== About this task ==
Using the entries below, output exactly the line containing "22714 Adrift Row Ln, Porter, TX 77365" and all lines that follow it to the end.

== Dataset records ==
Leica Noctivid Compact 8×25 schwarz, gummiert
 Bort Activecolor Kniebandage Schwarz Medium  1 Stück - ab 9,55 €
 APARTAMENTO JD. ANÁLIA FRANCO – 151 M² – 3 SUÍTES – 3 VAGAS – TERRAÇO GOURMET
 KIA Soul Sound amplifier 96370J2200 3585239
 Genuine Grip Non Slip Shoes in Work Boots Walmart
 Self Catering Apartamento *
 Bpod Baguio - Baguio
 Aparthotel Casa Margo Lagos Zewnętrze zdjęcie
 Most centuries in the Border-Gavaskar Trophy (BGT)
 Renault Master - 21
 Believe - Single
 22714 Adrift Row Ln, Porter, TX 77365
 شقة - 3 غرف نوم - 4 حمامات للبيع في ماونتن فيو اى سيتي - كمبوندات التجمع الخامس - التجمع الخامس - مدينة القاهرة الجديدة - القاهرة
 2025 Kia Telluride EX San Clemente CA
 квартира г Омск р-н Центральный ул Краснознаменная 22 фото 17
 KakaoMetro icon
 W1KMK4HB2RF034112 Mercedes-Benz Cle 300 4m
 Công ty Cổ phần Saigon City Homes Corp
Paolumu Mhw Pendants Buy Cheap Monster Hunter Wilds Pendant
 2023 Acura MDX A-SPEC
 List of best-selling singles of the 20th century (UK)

== Answer area ==
 22714 Adrift Row Ln, Porter, TX 77365
 شقة - 3 غرف نوم - 4 حمامات للبيع في ماونتن فيو اى سيتي - كمبوندات التجمع الخامس - التجمع الخامس - مدينة القاهرة الجديدة - القاهرة
 2025 Kia Telluride EX San Clemente CA
 квартира г Омск р-н Центральный ул Краснознаменная 22 фото 17
 KakaoMetro icon
 W1KMK4HB2RF034112 Mercedes-Benz Cle 300 4m
 Công ty Cổ phần Saigon City Homes Corp
Paolumu Mhw Pendants Buy Cheap Monster Hunter Wilds Pendant
 2023 Acura MDX A-SPEC
 List of best-selling singles of the 20th century (UK)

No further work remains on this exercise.